- **EXERCISE REQUIREMENTS**
Word for word, write out the entries that follow, omitting all pictures.

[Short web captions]
╭──
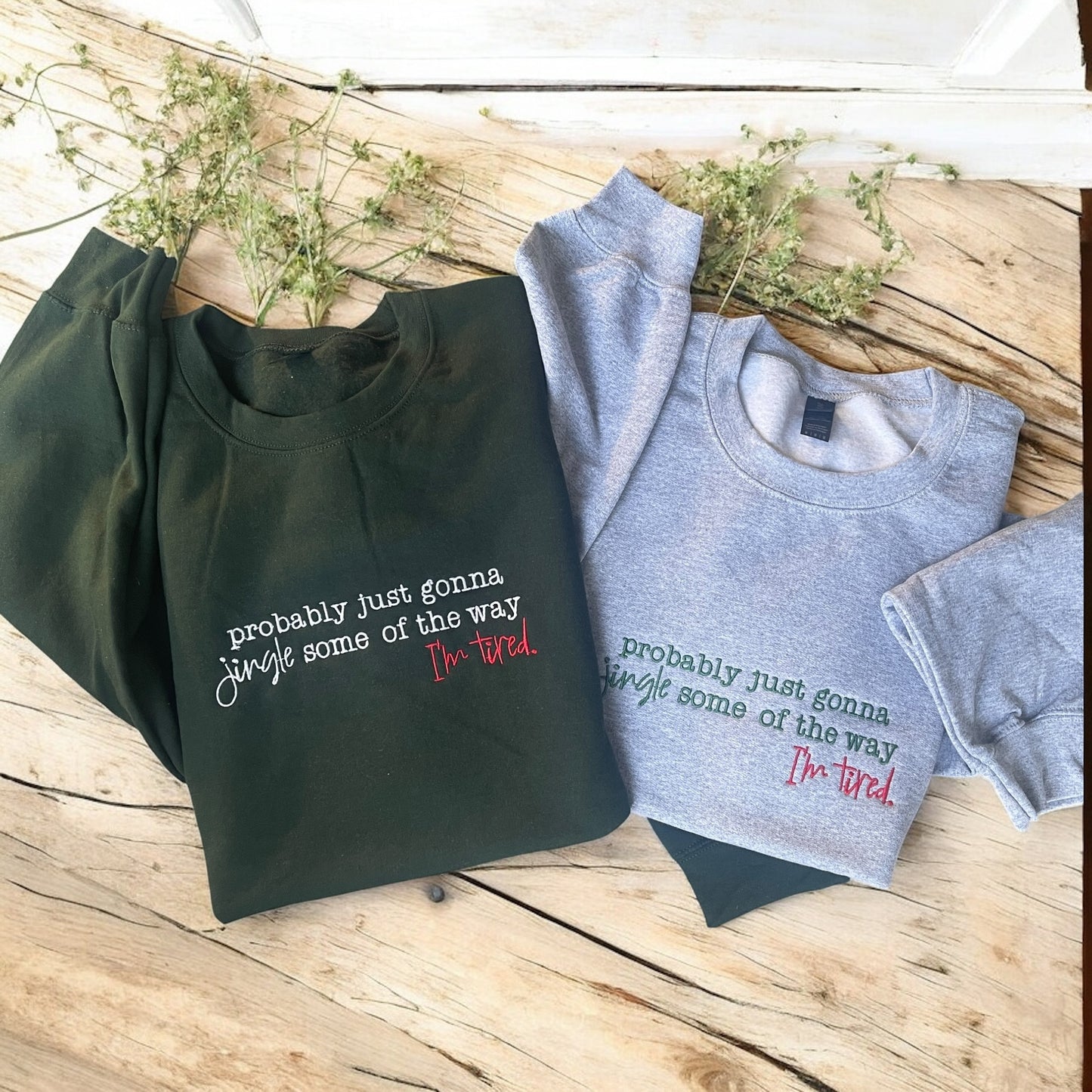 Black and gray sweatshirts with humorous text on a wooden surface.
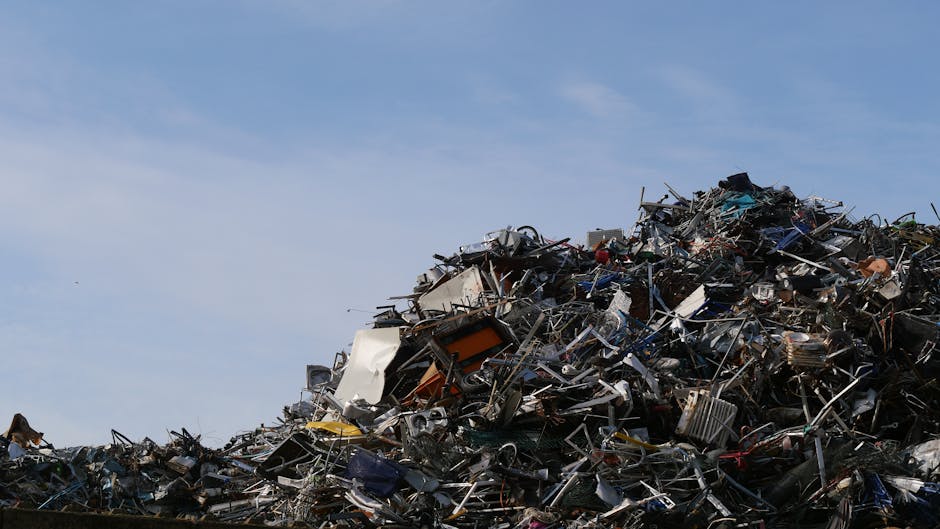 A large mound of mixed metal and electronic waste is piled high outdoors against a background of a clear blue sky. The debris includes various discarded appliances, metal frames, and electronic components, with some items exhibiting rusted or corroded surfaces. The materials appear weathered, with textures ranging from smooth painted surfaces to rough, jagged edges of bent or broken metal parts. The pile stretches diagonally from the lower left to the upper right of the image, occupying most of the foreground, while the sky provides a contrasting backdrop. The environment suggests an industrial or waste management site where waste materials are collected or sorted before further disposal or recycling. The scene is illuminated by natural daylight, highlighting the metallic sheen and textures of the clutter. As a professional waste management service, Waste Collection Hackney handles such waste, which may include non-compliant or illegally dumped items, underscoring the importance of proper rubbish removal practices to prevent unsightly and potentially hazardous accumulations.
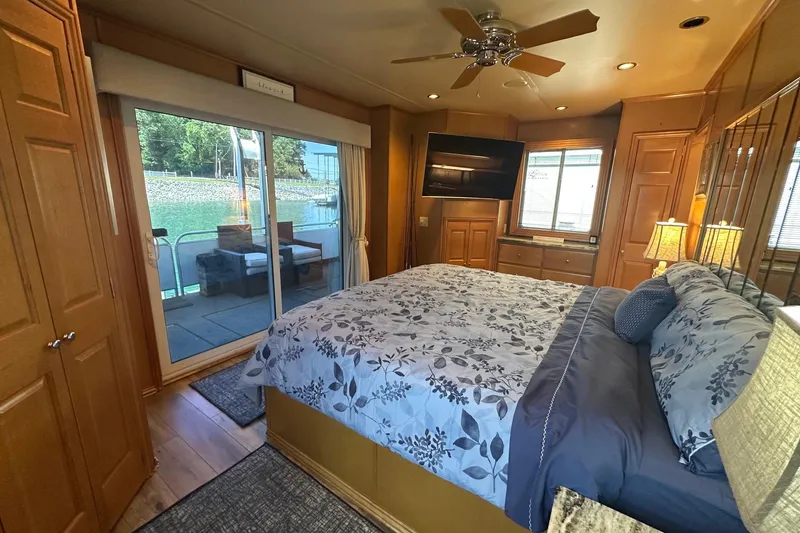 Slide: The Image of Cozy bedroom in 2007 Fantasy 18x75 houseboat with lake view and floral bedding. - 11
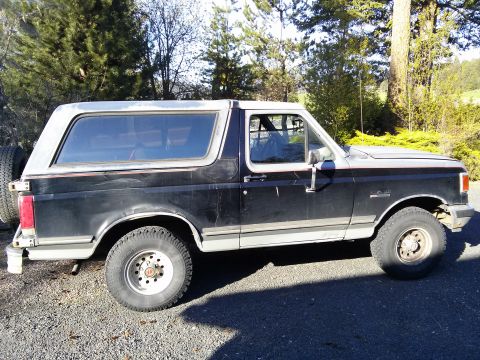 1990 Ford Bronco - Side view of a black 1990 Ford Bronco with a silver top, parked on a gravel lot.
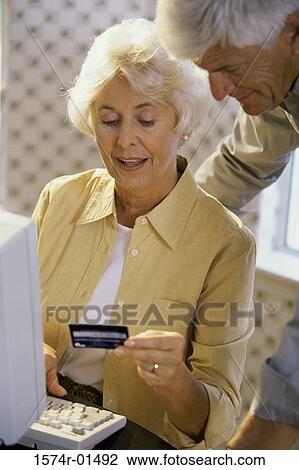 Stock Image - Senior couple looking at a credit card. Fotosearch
╰──
- **TASK RESPONSE**
 Black and gray sweatshirts with humorous text on a wooden surface.
 A large mound of mixed metal and electronic waste is piled high outdoors against a background of a clear blue sky. The debris includes various discarded appliances, metal frames, and electronic components, with some items exhibiting rusted or corroded surfaces. The materials appear weathered, with textures ranging from smooth painted surfaces to rough, jagged edges of bent or broken metal parts. The pile stretches diagonally from the lower left to the upper right of the image, occupying most of the foreground, while the sky provides a contrasting backdrop. The environment suggests an industrial or waste management site where waste materials are collected or sorted before further disposal or recycling. The scene is illuminated by natural daylight, highlighting the metallic sheen and textures of the clutter. As a professional waste management service, Waste Collection Hackney handles such waste, which may include non-compliant or illegally dumped items, underscoring the importance of proper rubbish removal practices to prevent unsightly and potentially hazardous accumulations.
 Slide: The Image of Cozy bedroom in 2007 Fantasy 18x75 houseboat with lake view and floral bedding. - 11
 1990 Ford Bronco - Side view of a black 1990 Ford Bronco with a silver top, parked on a gravel lot.
 Stock Image - Senior couple looking at a credit card. Fotosearch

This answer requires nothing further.